▸ ASSIGNED TASK
The data below contains pictures, which are to be skipped; the lines starting at the line with "Ce que signifie le sigle pour tamu-t" and ending at the line with "Bar Graph Showing" are to be output exactly, both ends included.

TASK INPUT Block Start

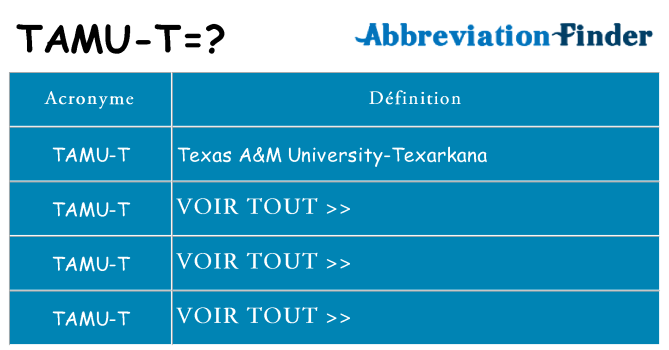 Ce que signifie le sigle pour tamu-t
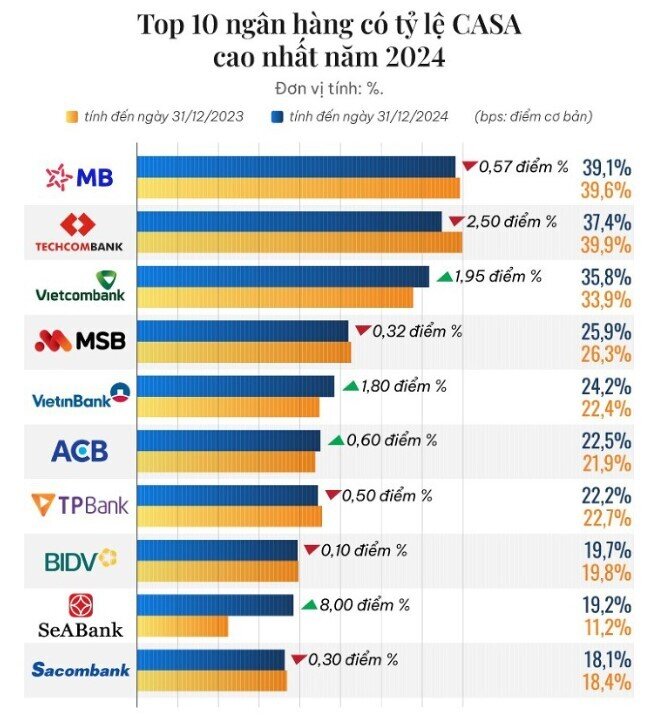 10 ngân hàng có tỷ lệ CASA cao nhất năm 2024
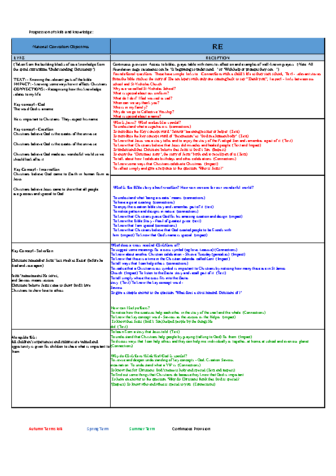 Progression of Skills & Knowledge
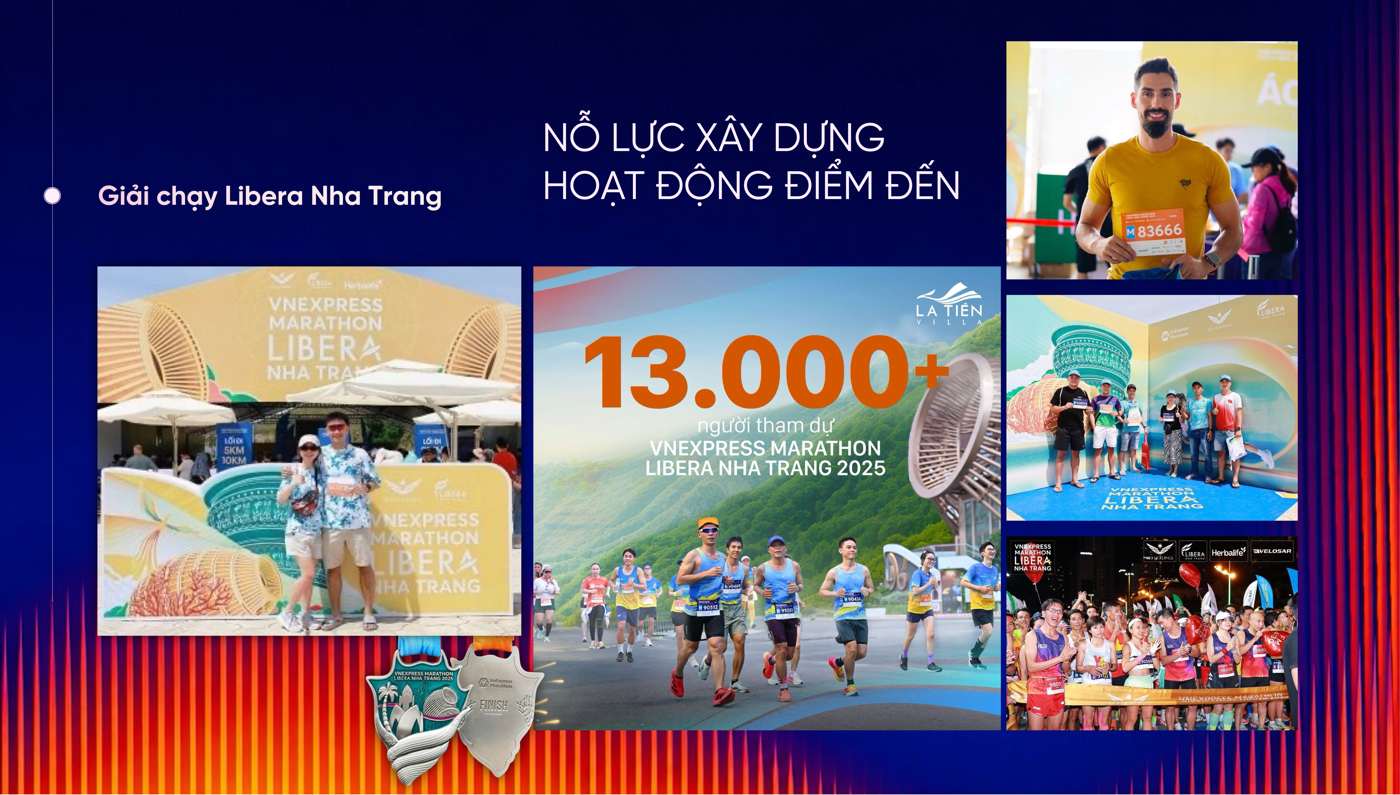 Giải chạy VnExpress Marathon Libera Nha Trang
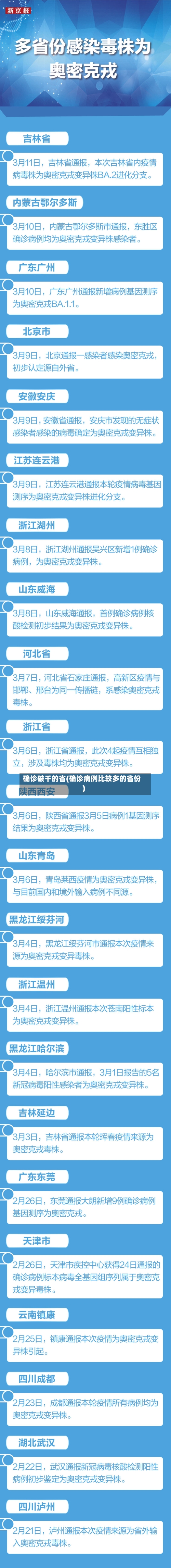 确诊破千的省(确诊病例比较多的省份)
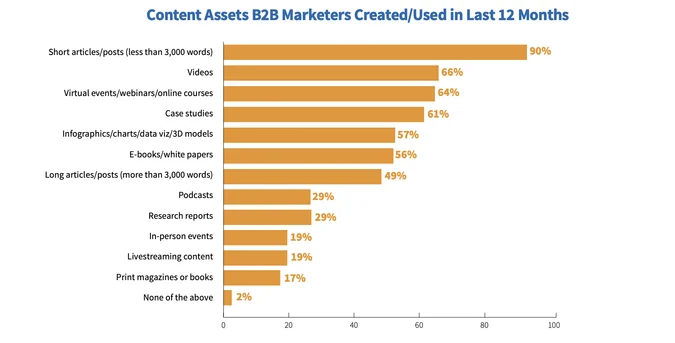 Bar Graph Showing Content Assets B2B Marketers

TASK INPUT Block End
TASK INPUT Block Start

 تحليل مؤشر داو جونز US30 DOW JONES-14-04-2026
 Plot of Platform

TASK INPUT Block End

▸ TASK RESPONSE
 Ce que signifie le sigle pour tamu-t
 10 ngân hàng có tỷ lệ CASA cao nhất năm 2024
 Progression of Skills & Knowledge
 Giải chạy VnExpress Marathon Libera Nha Trang
 确诊破千的省(确诊病例比较多的省份)
 Bar Graph Showing Content Assets B2B Marketers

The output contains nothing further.